A California bill that seeks to prohibit anyone besides a veterinarian from declawing a cat is heading to Gov. Gavin Newsom’s desk, with bipartisan support.
The bill would allow veterinarians to declaw a cat if it’s a “medically necessary procedure to address an existing or recurring infection, disease, injury, or abnormal condition in the claws, nail bed, or toe bone, which jeopardizes the feline’s health,” according to the bill’s text.
The bill would also prohibit the procedure from being performed “for a cosmetic or aesthetic purpose or to make the feline convenient to keep or handle.”
“Mutilating healthy cats for human convenience is cruel and inhumane,” Assemblymember Alex Lee (D- Milpitas), who authored the bill, previously said in a statement. “Cat declawing is a permanent disfiguring surgery that’s equivalent to removing a person’s fingers at the top knuckle. This is a commonsense bill reinforcing that cat declawing goes against ethical treatment standards for animals.”

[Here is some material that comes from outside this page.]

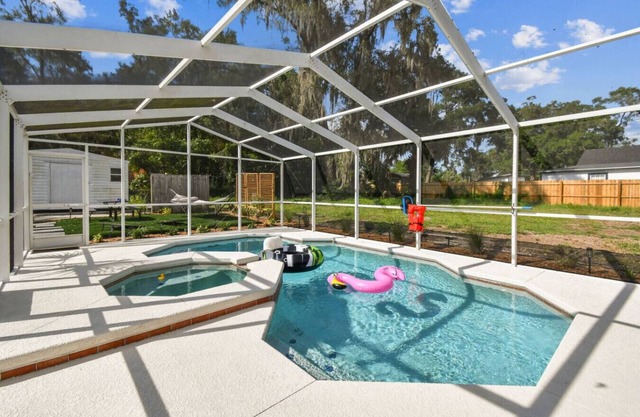 Relaxing Modern Home Sleeps 6/Pool/BBQ/Firepit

According to Lee’s office, the American Veterinary Medical Association has discouraged vets from performing the surgeries and states like New York, Maryland and Massachusetts have also passed bans.
Globally, dozens of countries, including Australia, New Zealand, the U.K. and Switzerland, have banned cat declawing.
Locally, in 2003, the city of West Hollywood passed the nation’s first legislation to ban cat declawing. Several other California cities have followed since.
The bill has garnered support from multiple animal advocacy groups, but the California Veterinary Medical Association is against the bill.
Five different efforts to ban the practice in California since 2018 have failed.